**Your goal**
Could you retype only the lines from the one containing "Aspirantes de la" through the final line of the entries, both included, skipping any images?

**Exercise inputs**
※ ※ ※

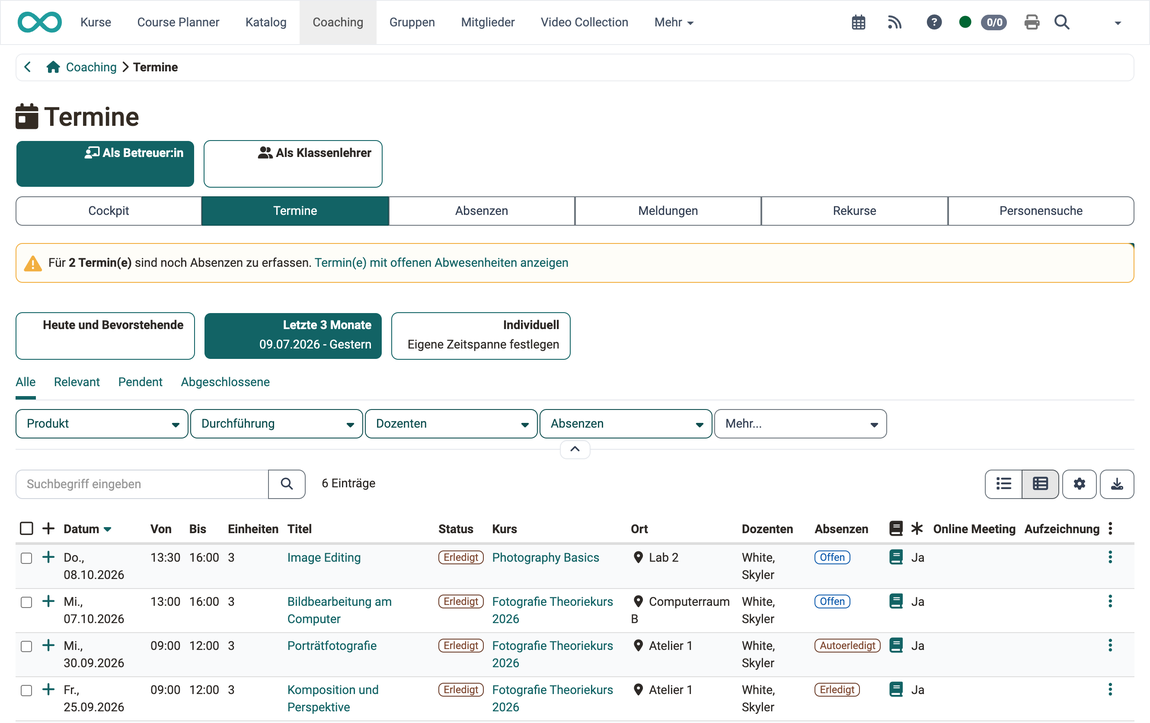 Zeitraum-Buttons, Filter-Tabs und Filter Produkt, Durchführung, Dozenten und Absenzen grenzen die Terminliste mit Status, Buchsymbol und Stern-Symbol ein
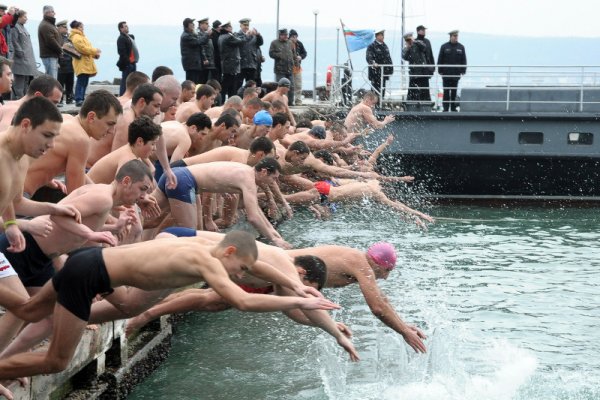 В морската столица повече от 50 души скочиха във водите на Черно море. Снимка: БТА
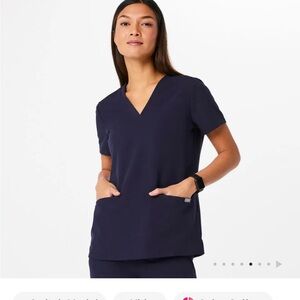 Casma 3-pocket scrub top navy L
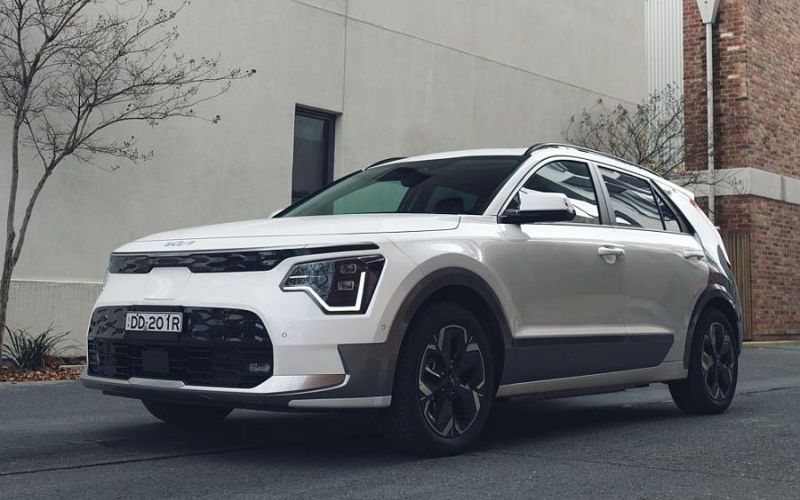 2022 Kia Niro HEV GT-LINE BLK C PILLAR (HYB)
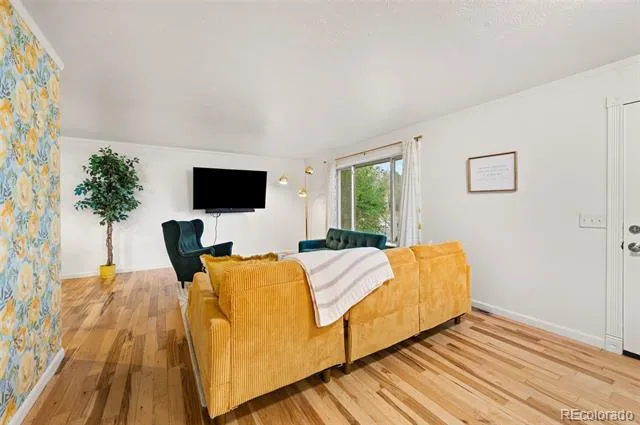 8301 Chase Drive Arvada, CO 80003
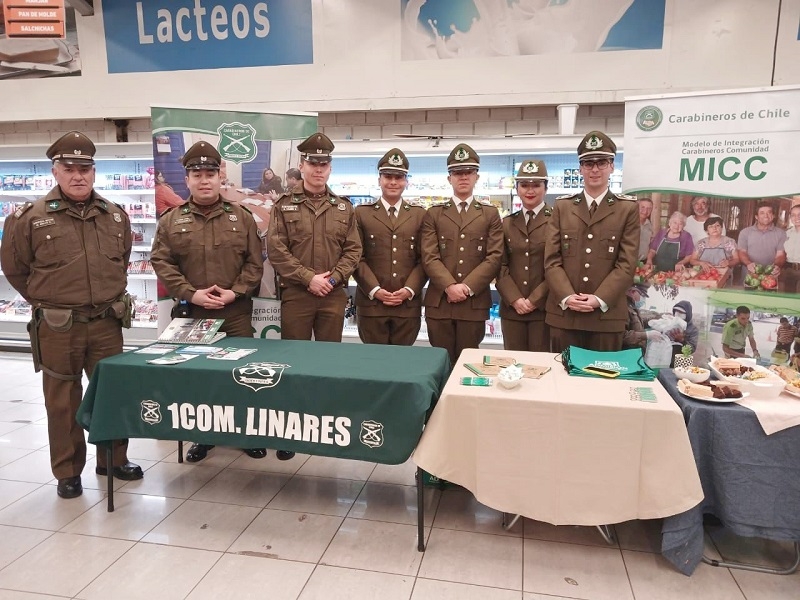 Aspirantes de la Escuela de Carabineros  difunden el proceso de admisión en el Maule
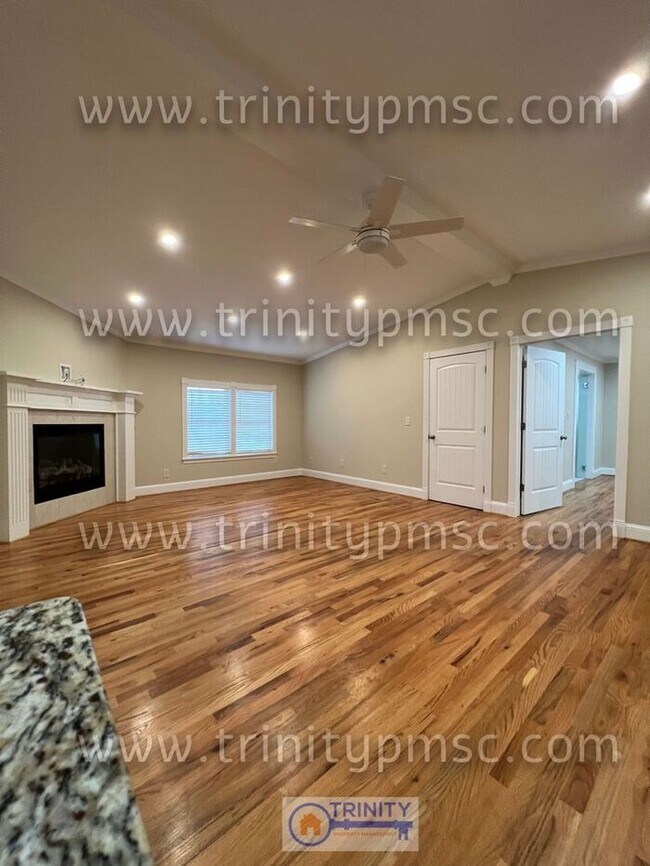 Building Photo - NEWLY UPDATED!! Ready and waiting for you!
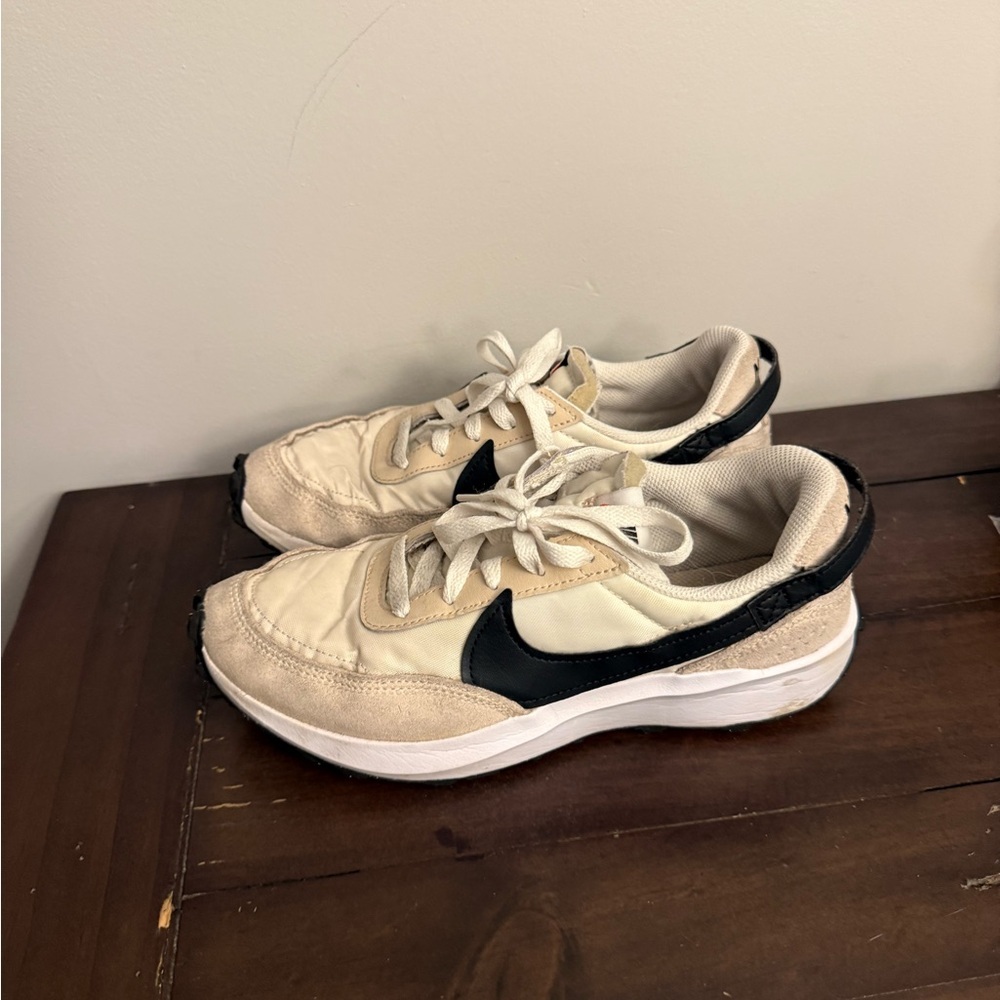 Nike Waffle Debut Sneakers – Women’s 8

※ ※ ※

**Exercise answer**
 Aspirantes de la Escuela de Carabineros  difunden el proceso de admisión en el Maule
 Building Photo - NEWLY UPDATED!! Ready and waiting for you!
 Nike Waffle Debut Sneakers – Women’s 8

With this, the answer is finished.